[Aim of the task]
The answer is the full listing below, copied exactly, with its pictures omitted.

[Dataset extract]
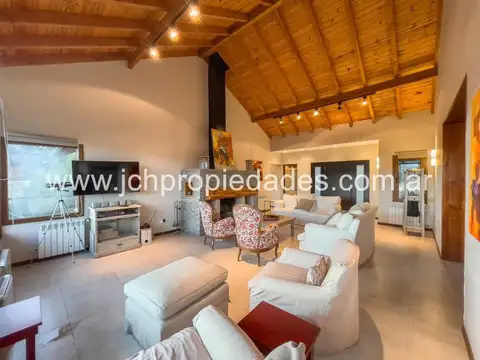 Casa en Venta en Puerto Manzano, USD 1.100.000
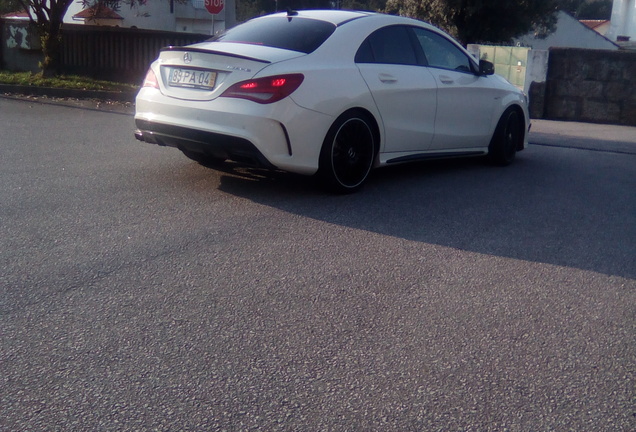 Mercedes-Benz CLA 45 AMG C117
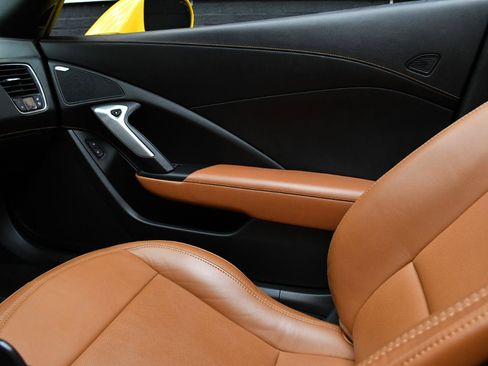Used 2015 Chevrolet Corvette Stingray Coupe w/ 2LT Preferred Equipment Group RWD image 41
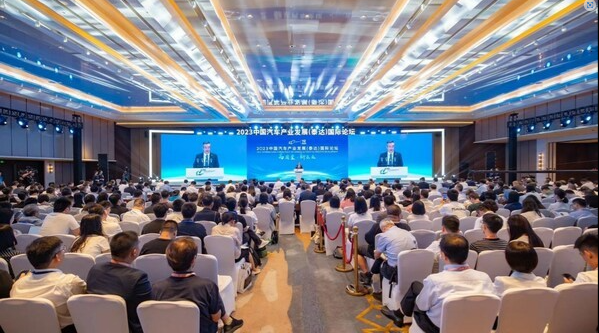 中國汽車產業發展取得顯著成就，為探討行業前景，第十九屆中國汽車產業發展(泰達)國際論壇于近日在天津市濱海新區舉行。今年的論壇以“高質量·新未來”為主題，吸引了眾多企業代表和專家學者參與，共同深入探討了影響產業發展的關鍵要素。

[Exercise result]
 Casa en Venta en Puerto Manzano, USD 1.100.000
 Mercedes-Benz CLA 45 AMG C117
Used 2015 Chevrolet Corvette Stingray Coupe w/ 2LT Preferred Equipment Group RWD image 41
 中國汽車產業發展取得顯著成就，為探討行業前景，第十九屆中國汽車產業發展(泰達)國際論壇于近日在天津市濱海新區舉行。今年的論壇以“高質量·新未來”為主題，吸引了眾多企業代表和專家學者參與，共同深入探討了影響產業發展的關鍵要素。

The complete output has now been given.